The Mate and I have been downsizing again. You know. All those boxes that we decided to keep and store, the last time we downsized,10 years ago. Did they somehow go forth and multiply while we had our backs turned?
Among these boxes are old cookbooks, ones I swore I couldn’t part with 10 years ago. But have I used them in the last 10 years? Course not. So, into the boxes with them.
That part wasn’t too hard. But then I discovered the handwritten recipes.

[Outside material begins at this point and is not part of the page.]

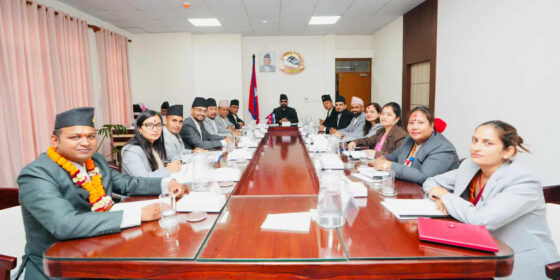 संविधान संशोधनका लागि बहस पत्र तयार गर्न कार्यदल गठन गर्ने सरकारको निर्णय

Specifically, I found Aunt Erma’s recipe for fish chowder. Aunt Erma died 14 years ago, at the age of 90. She wasn’t my aunt, being on the Mate’s side, and she wasn’t actually even his—more of a cousin. First, once removed? Second? In truth, though, she was more of his adopted mom. Aunt Erma lived in a small hamlet near Gloucester, MA. She was a widely-renowned artist, and a wonderful cook. And her fish chowder was LEGENDARY.

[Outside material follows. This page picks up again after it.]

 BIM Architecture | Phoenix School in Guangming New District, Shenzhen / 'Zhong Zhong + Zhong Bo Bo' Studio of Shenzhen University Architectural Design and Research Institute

Guess what recipe I found, in Erma’s handwriting?
It even includes illustrations!
In case you’re wondering, yes–I can actually read her handwriting. But the recipe’s become less legible over the years. Last time I made it, I simply modified an Internet recipe, Erma-style, by adding more butter. The point is not the exact recipe, of course. The point is the memories conjured by that loopy scrawl, that attention to detail, the voice I can almost hear as she transcribes her kitchen magic. She’d be making sure we had some good crusty bread to eat with our chowder. And of course she’d be warning us not to forget to pre-heat the bowls, whatever we do.

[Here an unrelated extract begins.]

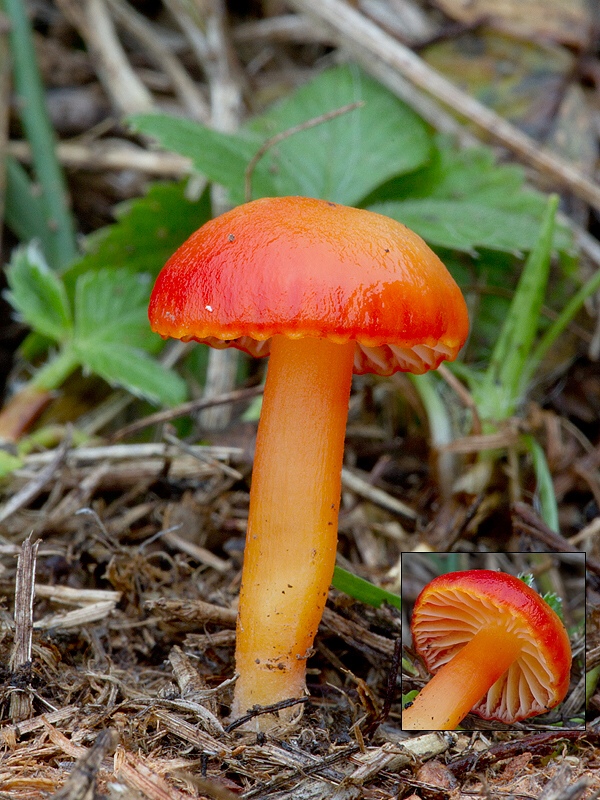 lúčnica šarlátová Hygrocybe coccinea (Schaeff.) P. Kumm.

So I’m not sure exactly what I’m going to do with Erma’s fish chowder recipe. I guess since I’ve taken its picture and blogged about it, maybe it’s time to let the actual papers find their way into our wood stove. Maybe I’ll think about it for the next 10 years.
But I do know one thing: right now, I want to cook me some fish chowder. With extra butter, and pre-warmed bowls.
Speaking of old family recipes, handwritten or otherwise…now would be a great time and place to share one!
I love this story and the image of the handwritten recipe. I have one from my husband’s grandma (Martha) for congo bars (also known as blonde brownies, basically chocolate chip cookie bars). I’m away from home, so I can’t share it here, but I can visualize her butter-soaked script.
I think I transcribed the recipe to a “Recipes” computer file, but I’m still hanging on to this copy Martha wrote for me. Both of my kids loved those bars, and I suspect one or both of them would treasure the recipe written by hand.
Yes! There is just something about that tactile connection, right? Thanks, Iris.